WHAT IS BEING ASKED: Starting with the line that contains "Two teas from the stone" and stopping after the line that contains "Фигурка One Piece", copy the entries below exactly. Include nothing else.
************
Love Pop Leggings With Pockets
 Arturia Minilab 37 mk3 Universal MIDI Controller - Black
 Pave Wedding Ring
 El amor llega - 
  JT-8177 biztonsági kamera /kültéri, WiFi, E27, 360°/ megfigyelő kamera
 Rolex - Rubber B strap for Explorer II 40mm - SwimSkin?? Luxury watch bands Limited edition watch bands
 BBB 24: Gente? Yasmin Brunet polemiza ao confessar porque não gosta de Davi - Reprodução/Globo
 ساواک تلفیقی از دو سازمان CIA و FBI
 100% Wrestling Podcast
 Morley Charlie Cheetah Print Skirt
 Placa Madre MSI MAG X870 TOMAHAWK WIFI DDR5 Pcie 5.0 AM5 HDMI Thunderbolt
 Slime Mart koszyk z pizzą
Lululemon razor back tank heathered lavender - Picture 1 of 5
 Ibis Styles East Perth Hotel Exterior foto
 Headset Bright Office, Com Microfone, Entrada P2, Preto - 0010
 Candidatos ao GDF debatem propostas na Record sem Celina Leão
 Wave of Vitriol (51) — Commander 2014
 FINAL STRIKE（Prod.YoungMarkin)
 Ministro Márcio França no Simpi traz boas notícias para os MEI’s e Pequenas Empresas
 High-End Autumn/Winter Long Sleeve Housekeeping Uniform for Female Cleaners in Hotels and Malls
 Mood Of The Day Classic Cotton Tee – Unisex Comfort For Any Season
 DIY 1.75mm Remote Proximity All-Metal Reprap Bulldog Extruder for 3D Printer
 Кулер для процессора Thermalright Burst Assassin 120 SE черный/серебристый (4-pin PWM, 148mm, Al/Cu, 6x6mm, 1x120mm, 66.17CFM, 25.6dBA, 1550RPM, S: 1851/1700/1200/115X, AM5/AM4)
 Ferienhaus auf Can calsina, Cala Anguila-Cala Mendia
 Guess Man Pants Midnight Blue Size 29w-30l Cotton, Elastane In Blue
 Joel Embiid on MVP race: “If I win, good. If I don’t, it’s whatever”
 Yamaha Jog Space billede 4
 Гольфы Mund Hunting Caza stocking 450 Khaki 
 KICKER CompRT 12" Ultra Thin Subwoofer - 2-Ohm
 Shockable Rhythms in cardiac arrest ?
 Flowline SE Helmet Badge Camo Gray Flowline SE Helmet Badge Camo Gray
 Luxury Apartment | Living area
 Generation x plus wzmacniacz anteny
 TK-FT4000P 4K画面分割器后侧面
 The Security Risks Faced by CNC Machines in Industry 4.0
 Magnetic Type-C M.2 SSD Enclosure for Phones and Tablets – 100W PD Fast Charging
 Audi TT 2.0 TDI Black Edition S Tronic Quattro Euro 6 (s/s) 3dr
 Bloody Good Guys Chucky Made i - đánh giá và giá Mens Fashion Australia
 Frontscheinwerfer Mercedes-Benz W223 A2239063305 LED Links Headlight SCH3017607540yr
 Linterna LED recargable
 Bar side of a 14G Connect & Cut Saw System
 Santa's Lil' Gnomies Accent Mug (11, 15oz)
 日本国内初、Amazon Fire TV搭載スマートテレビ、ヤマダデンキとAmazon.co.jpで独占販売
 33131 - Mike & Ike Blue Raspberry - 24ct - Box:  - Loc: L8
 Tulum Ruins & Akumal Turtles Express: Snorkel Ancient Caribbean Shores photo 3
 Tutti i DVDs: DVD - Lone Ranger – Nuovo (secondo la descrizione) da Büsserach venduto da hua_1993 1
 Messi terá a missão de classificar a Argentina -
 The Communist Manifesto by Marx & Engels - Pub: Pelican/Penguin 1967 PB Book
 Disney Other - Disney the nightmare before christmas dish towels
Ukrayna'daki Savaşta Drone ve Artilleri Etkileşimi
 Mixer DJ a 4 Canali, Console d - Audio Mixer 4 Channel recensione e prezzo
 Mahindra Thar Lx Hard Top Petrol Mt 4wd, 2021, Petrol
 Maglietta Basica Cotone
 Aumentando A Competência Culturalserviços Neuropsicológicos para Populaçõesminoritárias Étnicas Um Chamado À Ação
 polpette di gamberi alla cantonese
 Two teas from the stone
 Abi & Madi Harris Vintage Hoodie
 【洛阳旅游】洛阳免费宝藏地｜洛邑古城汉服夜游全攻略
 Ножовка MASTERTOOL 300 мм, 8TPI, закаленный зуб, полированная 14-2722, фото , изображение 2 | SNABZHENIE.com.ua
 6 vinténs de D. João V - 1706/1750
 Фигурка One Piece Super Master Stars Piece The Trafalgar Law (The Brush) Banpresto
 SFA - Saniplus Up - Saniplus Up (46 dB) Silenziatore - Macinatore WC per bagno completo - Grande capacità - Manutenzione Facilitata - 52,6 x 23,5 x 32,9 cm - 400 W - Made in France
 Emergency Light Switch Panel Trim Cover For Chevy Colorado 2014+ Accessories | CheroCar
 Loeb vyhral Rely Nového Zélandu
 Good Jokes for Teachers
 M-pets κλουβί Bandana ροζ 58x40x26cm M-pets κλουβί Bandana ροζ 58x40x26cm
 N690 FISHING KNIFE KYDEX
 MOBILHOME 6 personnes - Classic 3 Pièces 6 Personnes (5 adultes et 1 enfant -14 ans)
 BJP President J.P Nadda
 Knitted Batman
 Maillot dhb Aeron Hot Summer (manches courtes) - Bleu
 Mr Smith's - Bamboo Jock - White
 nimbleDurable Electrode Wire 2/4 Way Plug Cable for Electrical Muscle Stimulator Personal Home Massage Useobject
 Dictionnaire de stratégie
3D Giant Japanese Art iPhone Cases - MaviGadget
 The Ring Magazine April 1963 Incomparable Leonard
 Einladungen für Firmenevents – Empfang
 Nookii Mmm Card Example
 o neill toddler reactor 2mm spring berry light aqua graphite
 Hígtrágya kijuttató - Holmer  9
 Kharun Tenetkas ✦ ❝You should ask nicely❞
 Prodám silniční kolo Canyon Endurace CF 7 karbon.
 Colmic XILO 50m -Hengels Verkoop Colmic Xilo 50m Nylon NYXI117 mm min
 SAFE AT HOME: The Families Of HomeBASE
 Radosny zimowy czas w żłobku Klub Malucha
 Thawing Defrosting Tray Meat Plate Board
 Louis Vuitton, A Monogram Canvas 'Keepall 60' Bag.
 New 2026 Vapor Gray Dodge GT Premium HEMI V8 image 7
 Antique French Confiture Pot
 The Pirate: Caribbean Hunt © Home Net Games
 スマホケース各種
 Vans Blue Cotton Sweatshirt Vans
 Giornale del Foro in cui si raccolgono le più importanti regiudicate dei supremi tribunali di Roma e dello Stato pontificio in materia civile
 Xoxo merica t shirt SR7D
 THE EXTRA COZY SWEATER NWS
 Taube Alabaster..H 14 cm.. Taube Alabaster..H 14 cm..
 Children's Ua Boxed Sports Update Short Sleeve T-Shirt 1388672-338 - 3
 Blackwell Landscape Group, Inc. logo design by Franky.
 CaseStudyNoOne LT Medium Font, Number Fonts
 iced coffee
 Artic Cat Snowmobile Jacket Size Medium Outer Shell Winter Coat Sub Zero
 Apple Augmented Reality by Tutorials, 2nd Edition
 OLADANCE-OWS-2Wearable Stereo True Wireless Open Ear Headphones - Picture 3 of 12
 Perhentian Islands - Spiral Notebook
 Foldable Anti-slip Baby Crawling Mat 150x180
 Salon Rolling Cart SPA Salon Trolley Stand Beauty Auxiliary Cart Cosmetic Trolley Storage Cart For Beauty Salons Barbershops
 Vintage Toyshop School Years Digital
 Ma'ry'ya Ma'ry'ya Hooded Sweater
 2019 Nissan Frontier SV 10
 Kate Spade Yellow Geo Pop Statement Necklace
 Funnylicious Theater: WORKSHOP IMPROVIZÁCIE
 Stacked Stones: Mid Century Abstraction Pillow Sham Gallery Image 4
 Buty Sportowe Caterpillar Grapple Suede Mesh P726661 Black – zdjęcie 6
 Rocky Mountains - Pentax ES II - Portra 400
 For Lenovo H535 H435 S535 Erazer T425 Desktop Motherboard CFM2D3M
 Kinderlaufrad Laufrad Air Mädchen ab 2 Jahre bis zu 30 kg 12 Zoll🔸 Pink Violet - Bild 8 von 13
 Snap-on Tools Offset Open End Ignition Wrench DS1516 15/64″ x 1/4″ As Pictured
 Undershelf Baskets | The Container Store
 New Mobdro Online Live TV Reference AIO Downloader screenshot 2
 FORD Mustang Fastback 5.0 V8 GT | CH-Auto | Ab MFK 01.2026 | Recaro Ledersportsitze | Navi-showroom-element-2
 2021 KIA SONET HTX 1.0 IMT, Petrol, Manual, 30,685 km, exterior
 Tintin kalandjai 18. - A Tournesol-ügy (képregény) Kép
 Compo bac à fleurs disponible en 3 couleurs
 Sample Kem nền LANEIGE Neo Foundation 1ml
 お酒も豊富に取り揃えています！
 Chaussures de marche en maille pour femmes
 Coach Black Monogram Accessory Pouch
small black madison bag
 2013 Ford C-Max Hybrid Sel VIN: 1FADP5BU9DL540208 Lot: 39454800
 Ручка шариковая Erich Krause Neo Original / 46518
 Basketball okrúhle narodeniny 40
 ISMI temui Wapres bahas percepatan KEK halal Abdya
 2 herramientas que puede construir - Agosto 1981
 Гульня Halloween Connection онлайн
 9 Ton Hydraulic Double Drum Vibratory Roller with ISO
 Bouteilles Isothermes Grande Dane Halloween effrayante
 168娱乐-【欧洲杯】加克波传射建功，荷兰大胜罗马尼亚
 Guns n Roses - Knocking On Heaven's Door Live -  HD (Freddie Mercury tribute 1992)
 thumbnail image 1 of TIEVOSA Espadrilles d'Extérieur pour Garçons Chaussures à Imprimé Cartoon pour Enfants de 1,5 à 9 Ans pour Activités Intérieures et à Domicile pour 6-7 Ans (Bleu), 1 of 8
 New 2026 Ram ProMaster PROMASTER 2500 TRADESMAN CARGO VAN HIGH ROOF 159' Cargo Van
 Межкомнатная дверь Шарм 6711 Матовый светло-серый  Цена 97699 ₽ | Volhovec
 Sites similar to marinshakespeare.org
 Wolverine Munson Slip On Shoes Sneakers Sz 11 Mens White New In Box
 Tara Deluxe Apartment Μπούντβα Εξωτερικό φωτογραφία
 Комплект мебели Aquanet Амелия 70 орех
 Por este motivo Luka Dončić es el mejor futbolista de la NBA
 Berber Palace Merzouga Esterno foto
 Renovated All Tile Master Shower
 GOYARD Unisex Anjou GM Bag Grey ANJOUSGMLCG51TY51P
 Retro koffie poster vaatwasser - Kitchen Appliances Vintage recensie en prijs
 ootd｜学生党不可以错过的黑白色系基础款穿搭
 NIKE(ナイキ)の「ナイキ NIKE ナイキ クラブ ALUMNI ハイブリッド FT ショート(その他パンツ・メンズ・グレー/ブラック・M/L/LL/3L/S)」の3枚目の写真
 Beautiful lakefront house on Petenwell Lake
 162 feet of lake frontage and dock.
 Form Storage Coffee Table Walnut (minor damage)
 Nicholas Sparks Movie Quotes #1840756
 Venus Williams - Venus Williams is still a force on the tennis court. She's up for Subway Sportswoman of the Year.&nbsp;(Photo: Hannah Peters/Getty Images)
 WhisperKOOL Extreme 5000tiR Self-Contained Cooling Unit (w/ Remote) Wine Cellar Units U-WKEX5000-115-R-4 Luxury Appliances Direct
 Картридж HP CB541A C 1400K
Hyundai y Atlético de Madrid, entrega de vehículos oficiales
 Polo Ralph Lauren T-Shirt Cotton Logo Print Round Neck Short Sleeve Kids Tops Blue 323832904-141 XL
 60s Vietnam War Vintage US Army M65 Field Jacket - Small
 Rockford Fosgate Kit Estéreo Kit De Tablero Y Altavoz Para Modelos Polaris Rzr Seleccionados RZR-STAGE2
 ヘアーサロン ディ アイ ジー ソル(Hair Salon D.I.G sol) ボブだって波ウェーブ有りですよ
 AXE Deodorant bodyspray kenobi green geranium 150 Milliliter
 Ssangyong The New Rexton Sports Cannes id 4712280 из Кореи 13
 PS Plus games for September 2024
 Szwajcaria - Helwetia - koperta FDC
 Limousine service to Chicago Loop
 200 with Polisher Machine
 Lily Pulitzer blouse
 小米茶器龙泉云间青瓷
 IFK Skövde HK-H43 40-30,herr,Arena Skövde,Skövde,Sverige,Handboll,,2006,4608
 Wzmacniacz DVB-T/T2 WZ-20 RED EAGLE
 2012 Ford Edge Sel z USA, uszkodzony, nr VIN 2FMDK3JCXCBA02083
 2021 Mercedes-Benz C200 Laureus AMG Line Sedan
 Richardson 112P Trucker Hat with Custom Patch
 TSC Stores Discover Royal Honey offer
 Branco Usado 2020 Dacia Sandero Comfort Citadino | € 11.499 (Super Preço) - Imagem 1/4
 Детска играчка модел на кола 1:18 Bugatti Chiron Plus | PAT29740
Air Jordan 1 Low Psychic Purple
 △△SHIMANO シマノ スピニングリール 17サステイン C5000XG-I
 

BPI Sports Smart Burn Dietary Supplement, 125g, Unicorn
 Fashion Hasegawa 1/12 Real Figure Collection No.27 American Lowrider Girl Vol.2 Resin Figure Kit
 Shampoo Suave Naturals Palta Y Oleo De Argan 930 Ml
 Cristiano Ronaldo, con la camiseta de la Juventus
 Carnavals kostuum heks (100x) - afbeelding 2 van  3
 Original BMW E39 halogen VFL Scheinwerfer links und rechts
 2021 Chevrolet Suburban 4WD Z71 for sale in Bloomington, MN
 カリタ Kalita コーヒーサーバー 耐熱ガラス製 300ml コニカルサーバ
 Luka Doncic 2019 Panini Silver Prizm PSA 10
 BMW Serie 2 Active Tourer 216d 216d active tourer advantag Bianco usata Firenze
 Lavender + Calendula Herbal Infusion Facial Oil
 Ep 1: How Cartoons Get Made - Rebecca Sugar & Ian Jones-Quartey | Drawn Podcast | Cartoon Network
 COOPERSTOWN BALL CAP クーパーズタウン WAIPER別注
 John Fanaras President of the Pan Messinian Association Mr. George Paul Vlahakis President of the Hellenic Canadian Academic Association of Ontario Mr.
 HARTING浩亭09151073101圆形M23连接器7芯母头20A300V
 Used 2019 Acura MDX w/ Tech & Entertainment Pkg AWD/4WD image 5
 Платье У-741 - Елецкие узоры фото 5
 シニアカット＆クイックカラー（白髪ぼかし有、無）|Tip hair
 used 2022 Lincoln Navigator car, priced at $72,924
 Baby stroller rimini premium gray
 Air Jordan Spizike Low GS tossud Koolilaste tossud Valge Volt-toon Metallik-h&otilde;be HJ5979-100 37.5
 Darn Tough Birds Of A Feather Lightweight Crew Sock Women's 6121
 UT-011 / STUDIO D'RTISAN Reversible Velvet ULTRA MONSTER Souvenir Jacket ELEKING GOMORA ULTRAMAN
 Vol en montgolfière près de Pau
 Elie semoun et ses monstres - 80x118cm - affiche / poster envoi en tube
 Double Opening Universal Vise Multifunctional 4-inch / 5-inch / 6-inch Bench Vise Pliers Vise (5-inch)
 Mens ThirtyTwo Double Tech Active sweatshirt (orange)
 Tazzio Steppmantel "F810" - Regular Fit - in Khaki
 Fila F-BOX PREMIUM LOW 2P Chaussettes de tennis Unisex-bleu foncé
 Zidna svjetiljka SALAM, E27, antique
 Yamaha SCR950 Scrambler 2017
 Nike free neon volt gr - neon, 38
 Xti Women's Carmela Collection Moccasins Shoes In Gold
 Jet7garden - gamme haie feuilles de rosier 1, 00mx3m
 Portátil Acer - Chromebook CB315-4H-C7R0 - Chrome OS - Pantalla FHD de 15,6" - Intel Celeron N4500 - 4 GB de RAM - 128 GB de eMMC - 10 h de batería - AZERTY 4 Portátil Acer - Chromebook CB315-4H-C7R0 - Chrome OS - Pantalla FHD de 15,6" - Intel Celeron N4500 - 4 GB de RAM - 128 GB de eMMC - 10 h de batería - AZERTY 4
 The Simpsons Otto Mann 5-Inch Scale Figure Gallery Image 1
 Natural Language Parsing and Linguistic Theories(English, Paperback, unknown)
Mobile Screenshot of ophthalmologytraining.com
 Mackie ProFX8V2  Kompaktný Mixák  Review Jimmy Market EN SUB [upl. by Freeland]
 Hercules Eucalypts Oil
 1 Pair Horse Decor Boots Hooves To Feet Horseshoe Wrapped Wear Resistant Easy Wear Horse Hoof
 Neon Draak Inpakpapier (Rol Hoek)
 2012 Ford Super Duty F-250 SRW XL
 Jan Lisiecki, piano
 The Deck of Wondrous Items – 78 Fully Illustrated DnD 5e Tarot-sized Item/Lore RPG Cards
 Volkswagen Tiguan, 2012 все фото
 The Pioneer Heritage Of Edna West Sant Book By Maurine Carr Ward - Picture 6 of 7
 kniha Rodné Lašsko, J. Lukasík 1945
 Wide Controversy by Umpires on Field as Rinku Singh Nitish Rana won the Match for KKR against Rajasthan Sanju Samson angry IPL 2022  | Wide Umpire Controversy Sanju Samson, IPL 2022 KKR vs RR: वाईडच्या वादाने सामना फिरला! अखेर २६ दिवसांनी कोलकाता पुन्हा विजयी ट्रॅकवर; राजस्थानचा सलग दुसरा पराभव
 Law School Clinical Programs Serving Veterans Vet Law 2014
************
RESPONSE BOX:
 Two teas from the stone
 Abi & Madi Harris Vintage Hoodie
 【洛阳旅游】洛阳免费宝藏地｜洛邑古城汉服夜游全攻略
 Ножовка MASTERTOOL 300 мм, 8TPI, закаленный зуб, полированная 14-2722, фото , изображение 2 | SNABZHENIE.com.ua
 6 vinténs de D. João V - 1706/1750
 Фигурка One Piece Super Master Stars Piece The Trafalgar Law (The Brush) Banpresto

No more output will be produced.